Yes, a single thread kernel launch: <<<1,1>>> will guarantee C++ style sequential execution of your kernel code. The support for this claim comes from CUDA’s claimed adherence to C++.

However, that does not mean that the results will always be identical compared to any other kernel launch configuration.

When I am teaching CUDA, I usually advise people to hang onto their C++ knowledge. Don’t flush that and assume that everything is different, and there is weirdness lurking everywhere.

When you only launch one thread, that thread runs your kernel code, and then exits. It does not magically run it multiple times. (Pretty much like my C++ knowledge suggests to me. Just like the behavior of a C++ function call.)

If you want to write or design a CUDA kernel that will do the same amount of work regardless of grid size or kernel launch configuration, then the grid-stride loop methodology may be of interest.

But without a loop of some sort in your kernel code, the code will only be executed once, per thread. And if that code that is executed once only updates one location, then only one result or location will be updated/computed, if you launch with <<<1,1>>>.

In C++, I have never heard of unrolling applied to anything other than a loop. There is no loop there.

1 Like

Thank you for your response. I have some questions about your answer to make my understanding clear

Q1. Regarding the grid-stride loop methodology, am I correct in understanding that this technique allows a kernel to process the entire dataset efficiently, even when the kernel configuration is <<<1, 1>>>?

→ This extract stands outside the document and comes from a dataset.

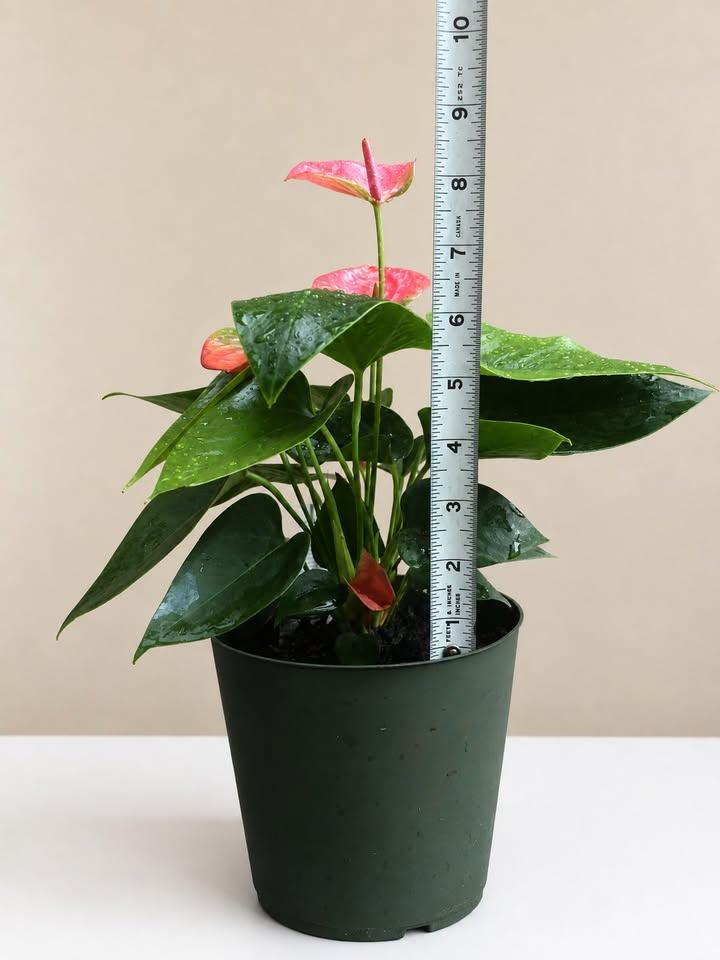Pink Anthurium Plant - photo 3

Q2: Regarding kernel verification using a single-thread configuration <<<1, 1>>>(from the book), am I correct to assume that this only checks the correctness of the kernel’s computation for a single element of the vector, rather than the entire vector?

Q3: Understood, since the ‘C[tid] = A[tid] + B[tid]’ is a single operation and not a loop, unrolling isn’t applicable. However, if I were to introduce a loop inside the kernel to handle multiple elements with a single thread, could loop unrolling be used in that scenario to optimize performance?

This article on grid-stride loops has helped me understand the fundamentals and benefits of the concept. However, I’ve asked the above questions to completely clear up any remaining confusion.

Thanks

No. It’s not necessarily efficient. <<<1,1>>> is never efficient. Ever. Ever. But it will process the entire dataset, or whatever you have set the for-loop limit to.

Yes, that seems like a reasonable summary to me. You have already proven to yourself that it does not, in the general case, process the entire dataset.

Loop unrolling can help with performance in various cases. The compiler will aggressively unroll loops for this purpose. It doesn’t generally require explicit help or instruction from you to do so.

Thank you for the explanation. I now have a clear understanding of the <<<1,1>>> configuration.

As for loop unrolling, I need to study further to understand its application better. For the time being, I’ll proceed with exploring other aspects of CUDA programming.

This topic was automatically closed 14 days after the last reply. New replies are no longer allowed.